[Source data]
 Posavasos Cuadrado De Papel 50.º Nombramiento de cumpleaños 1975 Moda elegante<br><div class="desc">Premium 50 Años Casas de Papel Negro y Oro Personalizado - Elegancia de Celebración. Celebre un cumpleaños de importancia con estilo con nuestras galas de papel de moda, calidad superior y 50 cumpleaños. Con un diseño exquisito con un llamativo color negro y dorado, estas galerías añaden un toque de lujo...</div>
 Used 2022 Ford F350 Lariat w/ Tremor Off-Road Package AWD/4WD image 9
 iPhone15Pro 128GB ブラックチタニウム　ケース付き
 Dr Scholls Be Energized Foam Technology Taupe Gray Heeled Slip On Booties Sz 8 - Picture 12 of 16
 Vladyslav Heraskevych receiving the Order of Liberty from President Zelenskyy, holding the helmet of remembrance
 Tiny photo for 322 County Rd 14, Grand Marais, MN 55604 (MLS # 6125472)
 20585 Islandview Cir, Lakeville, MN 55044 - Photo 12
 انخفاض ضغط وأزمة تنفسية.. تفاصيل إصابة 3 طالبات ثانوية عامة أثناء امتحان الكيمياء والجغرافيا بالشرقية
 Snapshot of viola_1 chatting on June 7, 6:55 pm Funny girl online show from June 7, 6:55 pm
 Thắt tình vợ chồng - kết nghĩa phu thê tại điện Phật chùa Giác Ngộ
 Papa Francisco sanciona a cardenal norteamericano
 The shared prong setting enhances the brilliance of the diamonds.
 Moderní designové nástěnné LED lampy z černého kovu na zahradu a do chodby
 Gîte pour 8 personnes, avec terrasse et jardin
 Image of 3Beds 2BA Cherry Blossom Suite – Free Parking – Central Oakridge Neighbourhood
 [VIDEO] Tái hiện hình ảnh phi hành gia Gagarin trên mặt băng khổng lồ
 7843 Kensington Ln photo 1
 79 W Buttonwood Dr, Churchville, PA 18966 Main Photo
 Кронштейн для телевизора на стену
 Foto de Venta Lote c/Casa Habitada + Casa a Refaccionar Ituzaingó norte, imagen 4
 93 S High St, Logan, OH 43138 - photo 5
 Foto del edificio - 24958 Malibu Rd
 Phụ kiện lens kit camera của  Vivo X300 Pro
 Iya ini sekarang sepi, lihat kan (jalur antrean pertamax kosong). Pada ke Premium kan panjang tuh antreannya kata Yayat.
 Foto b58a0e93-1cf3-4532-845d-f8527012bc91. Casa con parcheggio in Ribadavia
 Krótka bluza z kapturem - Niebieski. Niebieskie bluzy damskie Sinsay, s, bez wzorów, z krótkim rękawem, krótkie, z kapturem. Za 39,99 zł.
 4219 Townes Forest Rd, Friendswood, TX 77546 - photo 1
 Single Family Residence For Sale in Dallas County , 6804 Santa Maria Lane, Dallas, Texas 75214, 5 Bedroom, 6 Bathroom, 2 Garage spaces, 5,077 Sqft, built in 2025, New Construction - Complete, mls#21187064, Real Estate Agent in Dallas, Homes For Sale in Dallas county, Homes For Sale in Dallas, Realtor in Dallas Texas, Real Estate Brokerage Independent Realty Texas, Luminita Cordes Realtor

● **To do**
Look for the string "from" in the records, and copy every line where it is found.

● **Solution to the exercise**
 Vladyslav Heraskevych receiving the Order of Liberty from President Zelenskyy, holding the helmet of remembrance
 Snapshot of viola_1 chatting on June 7, 6:55 pm Funny girl online show from June 7, 6:55 pm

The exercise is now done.